I didn't want to make a chroot for my exim, I just wanted to make a directory containing all the binaries and libraries needed to run the mail server. (independent from the computer on which it is running)

I will try to investigate my problem when all my configuration will work :-)

thank you anyway for your great help

Patrice


Paul Dekkers wrote:

Hi,

Patrice wrote:

Thank you Paul for you answer !

I just compiled my binary with -static , but when I try to execute it is says : no such file or directory
the file is 755

is there a way to show which libraries are included into my static binary ?


Yes, ldd:

>ldd ./exim
ldd: exim: not a dynamic executable

If your binary is staticly linked you will find your output is as above, otherwise you will get a list of libaries it is linked against.

I suggest you run exim with debug options to see what goes wrong.

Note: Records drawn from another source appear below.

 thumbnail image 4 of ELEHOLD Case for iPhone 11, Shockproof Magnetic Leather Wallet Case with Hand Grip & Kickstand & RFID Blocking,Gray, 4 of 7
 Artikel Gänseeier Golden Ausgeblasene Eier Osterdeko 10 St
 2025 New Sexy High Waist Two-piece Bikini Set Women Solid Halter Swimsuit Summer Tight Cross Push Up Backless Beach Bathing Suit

And/or make sure that you actually start the binary; your output looks suspcious enough to come from some kind of shell, not exim itself.

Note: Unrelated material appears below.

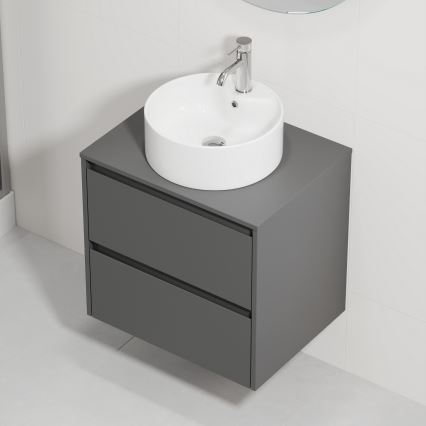 Waschtischunterschrank mit Waschbecken TRONDHEIM/VIKEDAL 60x57x46 cm Anthrazit/Weiß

Mind you that if you DO want exim in a chroot, compiling the binary static is not enough. You will have to create path's, populate some files in the chroot's etc and so forth. But I think chroot-ing exim was not what you are trying to do, but just to be sure...

Regards,
Paul

Patrice

Paul Dekkers wrote:

Hi,

Patrice wrote:

is it possible to compil the exim binary in static ? (without using .so files)
and if possible is it a good choice or not ?



I used:
LDFLAGS=-static
... in the Makefile. Don't know if this is the best place to put it, but it worked ;-)

I used this to run exim in a FreeBSD jail (but you could use this with chroot too of course).